▸ EXERCISE PROMPT: In the entries below, find the line with "2023 ГАЗ ГАЗель", then set it down exactly along with each line after it to the end, skipping any pictures.

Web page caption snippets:
---------------

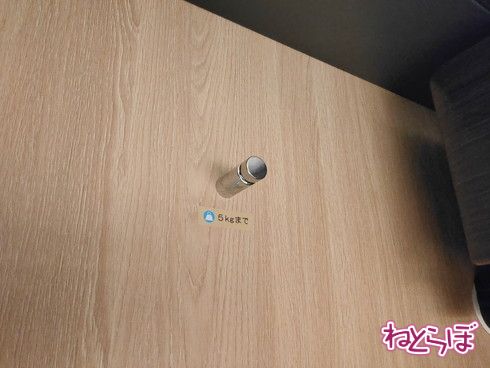 東京メトロ CocoDesk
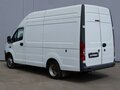 2023 ГАЗ ГАЗель Next, белый, 1749000 рублей - вид 1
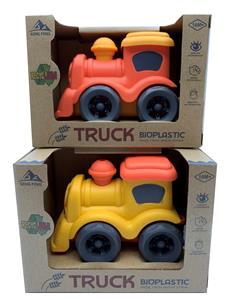 Free wheel toys - OBL10094548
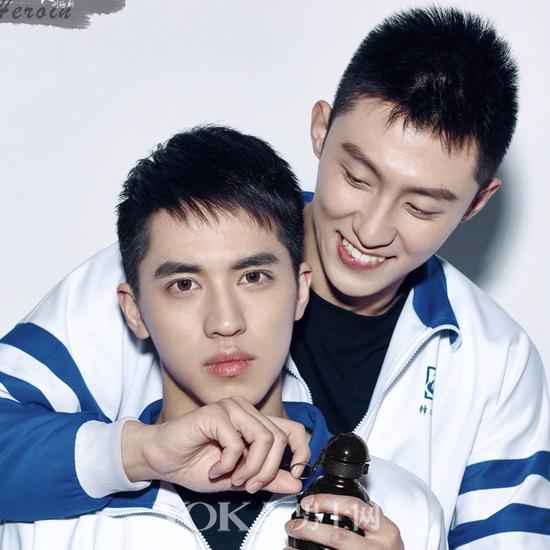 这些腕表跟黄轩一样 长了一张初恋脸|腕表|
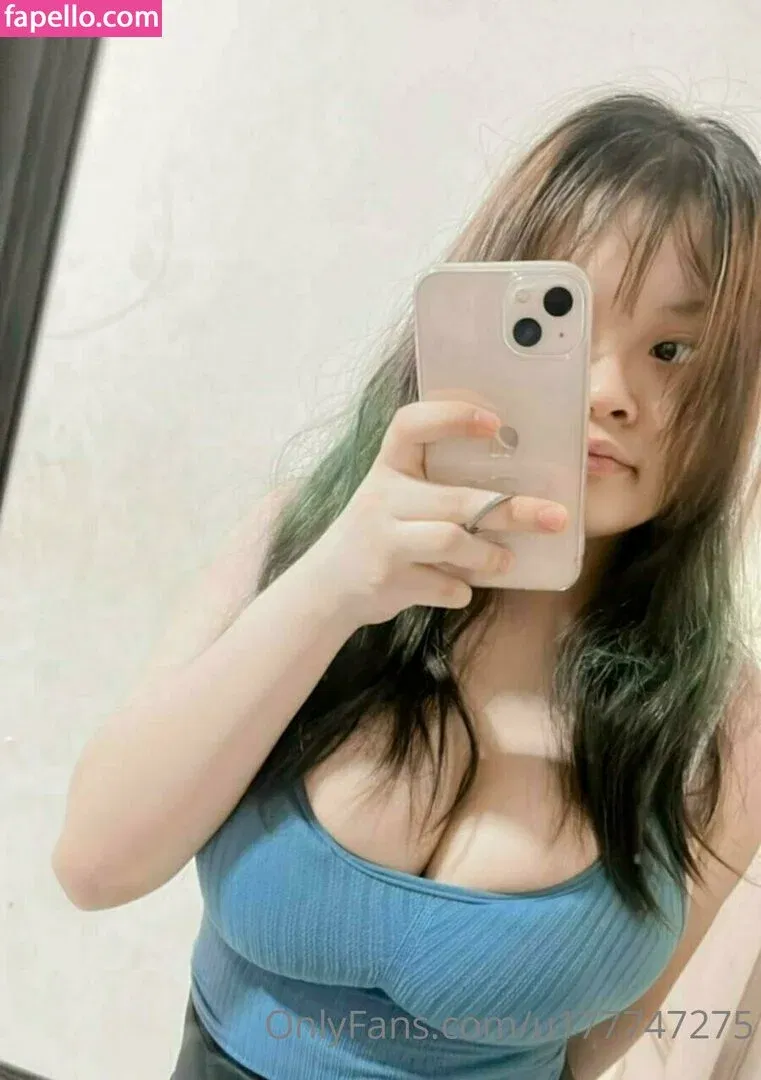 u177747275 Onlyfans Photo Gallery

---------------

▸ TASK OUTPUT:
 2023 ГАЗ ГАЗель Next, белый, 1749000 рублей - вид 1
 Free wheel toys - OBL10094548
 这些腕表跟黄轩一样 长了一张初恋脸|腕表|
 u177747275 Onlyfans Photo Gallery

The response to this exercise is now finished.